**Problem requirements**.
Please transcribe the data below in full. Omit any picture you find in it.

**Data under study**.
----

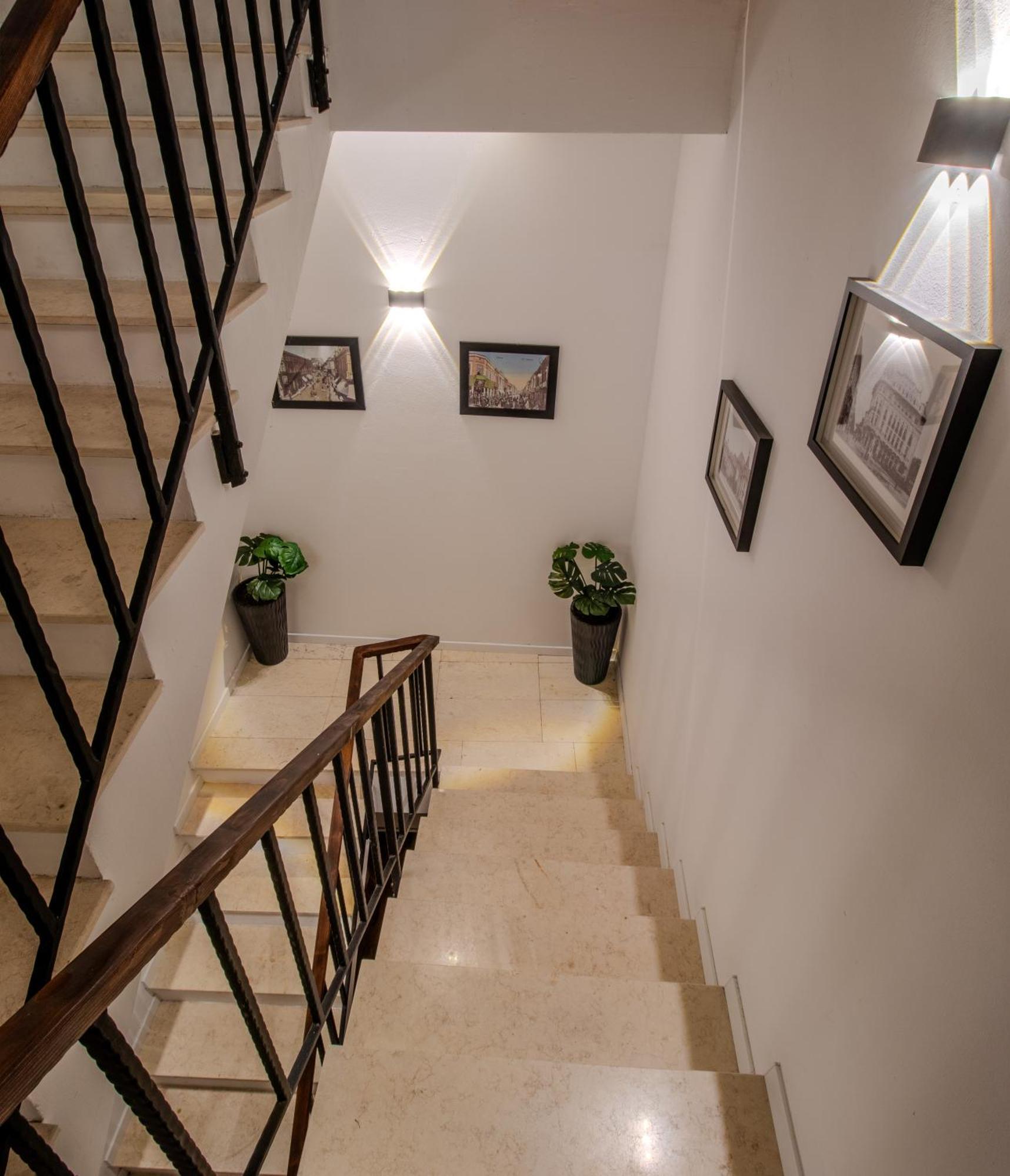 Old Town Apartment Krajowa Zewnętrze zdjęcie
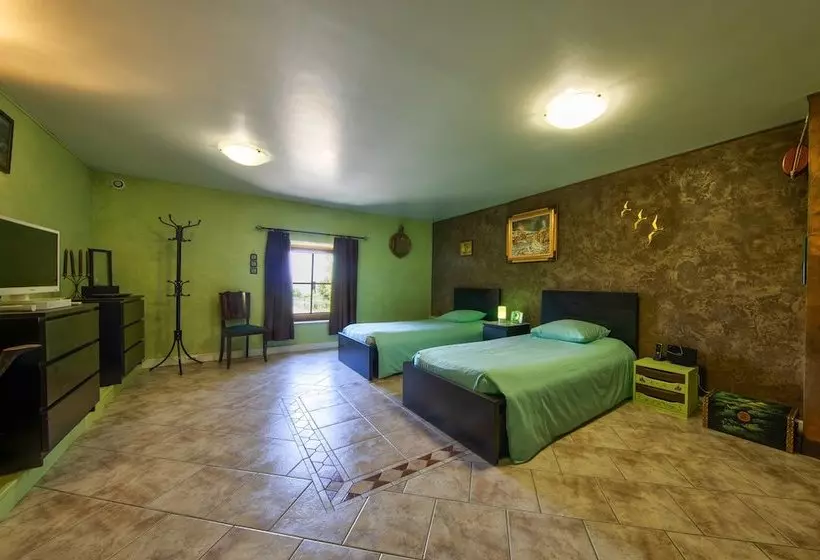 Majatalo Chambres D Hôtes Roch Kot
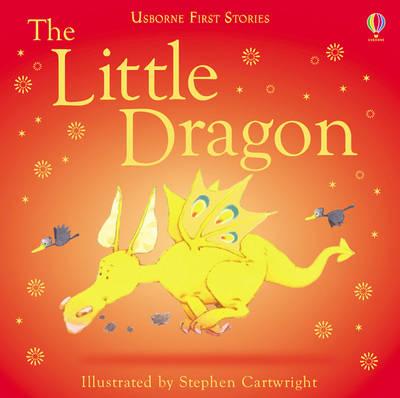 Little Dragon - Heather Amery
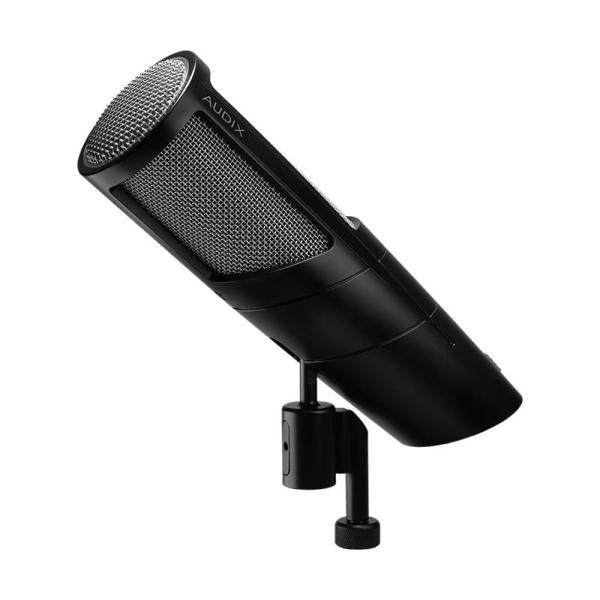 AUDIX PDX520 【予約商品・7月26日発売】(オーディックス)(配信用ダイナミックマイク)(単一指向性)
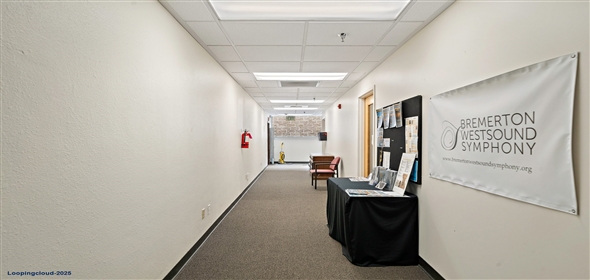 645 4th Street Bremerton Washington, 98337 | United Way of Kitsap - Office for Sale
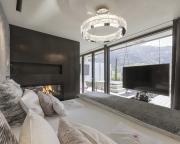 Luxury Penthouse Suite DolceVita 81 m²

----

**Result**.
 Old Town Apartment Krajowa Zewnętrze zdjęcie
 Majatalo Chambres D Hôtes Roch Kot
 Little Dragon - Heather Amery
 AUDIX PDX520 【予約商品・7月26日発売】(オーディックス)(配信用ダイナミックマイク)(単一指向性)
 645 4th Street Bremerton Washington, 98337 | United Way of Kitsap - Office for Sale
 Luxury Penthouse Suite DolceVita 81 m²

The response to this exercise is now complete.